The issue here is likely related to business units that were acquisitions, with the breached product in question having been developed pre-acquisition by a code farm staffed by interns in some developing nation. I spent a few years trying to unfuck some of those messes and moved on.

It's more a problem with their reckless growth over the last decade than anything. (ed) Due diligence is obviously lacking, but I can personally attest that nobody in senior leadership there willfully ignores matters of security once it becomes known.

3 comments

We don't know if this has anything to do with any acquisitions - this is a conjecture, at best.

At any rate - I don't care. I never gave Equifax permission to collect my personal data. I certainly never gave them permission to store it in a way that it can easily be hacked. If you buy a 3rd party company, "unfuck" and harden their software BEFORE you let the data flow in.

Allowing data to slip out is negligent. If you're in the army, or the intelligence community, you get punished for this. It's about time the private sector felt some sort of accountability.

This so much. The stream of corporations passing the buck into a black hole of irresponsibility needs to end now. If people arent held responsible, they will continue to make these failings without pause. I hope everyone is writing their legislators and congresspeople right now. They listen more than even my disillusioned self thought. The just might have bigger incentives to act otherwise. But if they dont know, they cant even choose to be corrupt or not, they are ignorant by proxy. Communicate to your leaders, and remember their response when you vote.
The only real solution here is that we need consumer privacy laws similar to Germany's-- not more scrutiny of those who participate in the PII trade.
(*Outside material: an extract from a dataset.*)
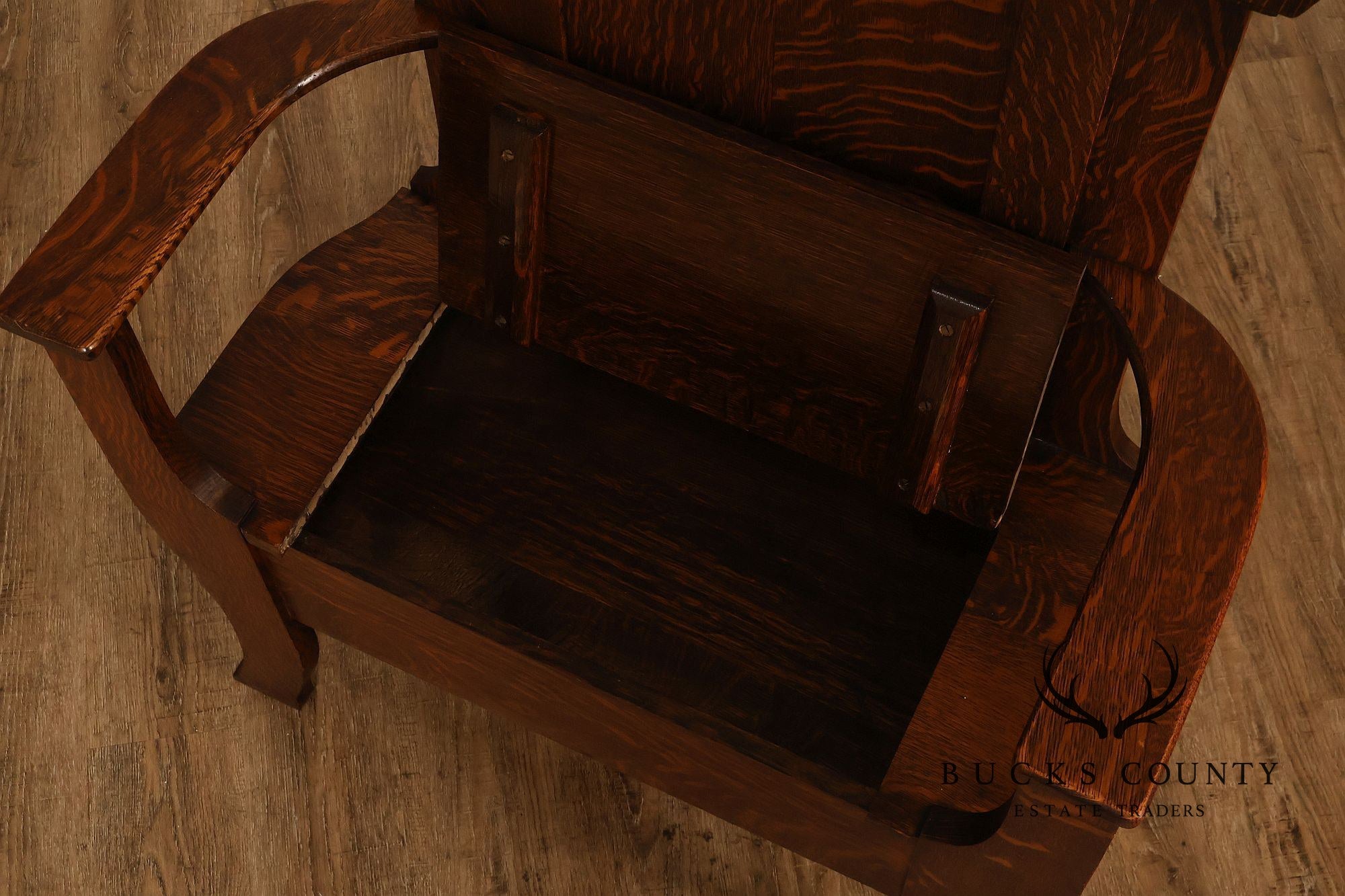 Antique Arts And Crafts Oak Mirrored Hall Seat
There is no reason beneficial to consumers to be collecting intelligence of this nature.

The best way to punish them is for us all to organize and create a Proposition that bans them from being a credit bureau, etc. If this passes in California, it will destroy them as a company.
The problem here is that they've expanded their core business to be so pervasive, they're no longer reporting on just your credit history-- they've also moved into the employment history, salary history, etc. space. So you kill their financial tentacle, they'll still be collecting intelligence for other purposes.
Not really conjecture:

> The company has found no evidence of unauthorized activity on Equifax’s core consumer or commercial credit reporting databases.
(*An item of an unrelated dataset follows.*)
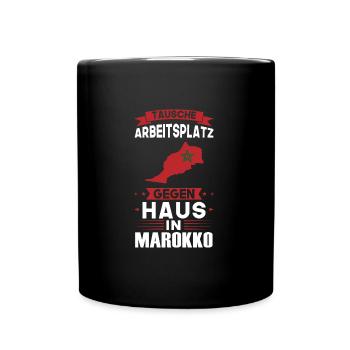 Marokko Flagge Marokkanisch Geschenk - Tasse einfarbig - Schwarz - Vorne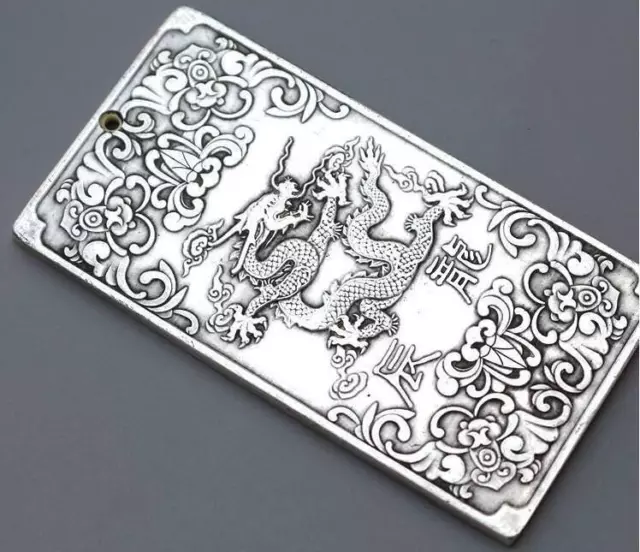 Loong dragon statue Waist tag token China tibet Silver  thanka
Since core business was unaffected (nobody hacked the mainframe), I guarantee you some crappy product they acquired got compromised.

And like it or not, you do give them permission to collect your personal data every time you authorize a creditor, utility or employer to run a credit check. Never sign up for utilities, loans, credit cards or get a job and then you'd have a case for privacy.

It could also be related to how they sell things. Given how commonly they redistribute this data I wouldn't be surprised if it turned out to be something like a customer portal where they can say it wasn't core because the attacker couldn't have altered data, etc.
Oh, good, it wasn't their _core_ business. What a bullshit copout - you acquire a company, you own it, warts and all. Who's worse, the crappy company or the company that acquires it and continues to operate it without fixing it?
You probably did if you have any sort of bank account or loan or job application or rent. It's pervasive in contracts/agreements that they report to partners and credit agencies.
I find it difficult to reconcile your second and third paragraphs.

I guess choosing not to prioritize security (vs profit or whatever) when making acquisitions is different than just ignoring it entirely.

If that were the case, then who approved the acquisition? Who did due diligence on it?

Suddenly letting a bunch of untrusted, poorly audited code run on your infrastructure is itself a massive security breach. And even that doesn't explain how data was extracted for two months with no one noticing.